In turning toward emptiness my life begins to take a new shape.
My first art class I was a freshman in high school. I loved my art teacher – also a first. A first crush on an older man – Mr. Brock. He taught me about Zen (claimed he was a Zen Catholic), Hegel’s Theory of Dialectics, and drawing. Not just any drawing – beginner’s mind drawing. I didn’t realize that until I was much older and more immersed in Buddhism and practicing Zen. Those moments in class 33 years ago are as clear and true as if they happened yesterday.

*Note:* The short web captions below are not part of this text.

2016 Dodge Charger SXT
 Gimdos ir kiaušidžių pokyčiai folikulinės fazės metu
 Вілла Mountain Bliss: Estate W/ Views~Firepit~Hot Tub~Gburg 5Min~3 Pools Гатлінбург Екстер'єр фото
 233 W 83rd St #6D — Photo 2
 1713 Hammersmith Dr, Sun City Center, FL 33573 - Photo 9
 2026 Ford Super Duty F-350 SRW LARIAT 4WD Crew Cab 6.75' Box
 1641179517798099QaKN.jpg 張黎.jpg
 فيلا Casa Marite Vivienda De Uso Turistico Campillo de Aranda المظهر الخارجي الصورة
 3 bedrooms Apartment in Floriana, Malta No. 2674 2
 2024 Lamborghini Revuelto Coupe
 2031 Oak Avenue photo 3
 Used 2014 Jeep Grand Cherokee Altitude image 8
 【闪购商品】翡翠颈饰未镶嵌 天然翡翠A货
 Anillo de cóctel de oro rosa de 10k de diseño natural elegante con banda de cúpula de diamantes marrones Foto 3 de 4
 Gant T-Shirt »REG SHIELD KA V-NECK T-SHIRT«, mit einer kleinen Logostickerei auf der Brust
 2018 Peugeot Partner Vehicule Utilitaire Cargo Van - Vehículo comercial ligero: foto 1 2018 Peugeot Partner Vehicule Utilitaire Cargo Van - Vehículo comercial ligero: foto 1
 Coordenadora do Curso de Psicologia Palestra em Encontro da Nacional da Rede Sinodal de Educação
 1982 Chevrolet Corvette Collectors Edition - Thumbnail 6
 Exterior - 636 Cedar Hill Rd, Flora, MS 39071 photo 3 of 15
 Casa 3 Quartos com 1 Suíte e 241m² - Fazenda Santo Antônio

One gorgeous fall day we went outside for class to learn the exercise of drawing negative space. Instead of focusing on the object, we were to draw the shape around it. It took awhile to comprehend what he was saying. It was an exercise in seeing anew. I chose to draw the spaces around the lanky telephone poles and their sagging wires. I rarely looked down as I focused on completely following the lines and letting the idea of what I was seeing fall away in order to really see.
Now, I use words like a pencil, following them around the places where the dead ones used to be. Mom’s empty space looks like a coneflower and dad’s has taken the shape of fish, a crappie, from a Minnesota lake. Ryan’s is here too. Hers is surprisingly large for being so young. Then the one for Grandma Jo is shaped like a rosary. There is a negative space for Marty Brock too. The teacher who sharpened my sight but died of a massive heart attack in the middle of a golf game on the 17th hole.
Over the past few years, I’ve been trying to keep a certain shape to this life of mine by paying attention to what I think I know. Truth is? I know nothing. It’s when I focus on what is missing that my life has shape. It’s new and I don’t fully recognize it, but as long as I put one foot in front of the other it’s slowly coming into view.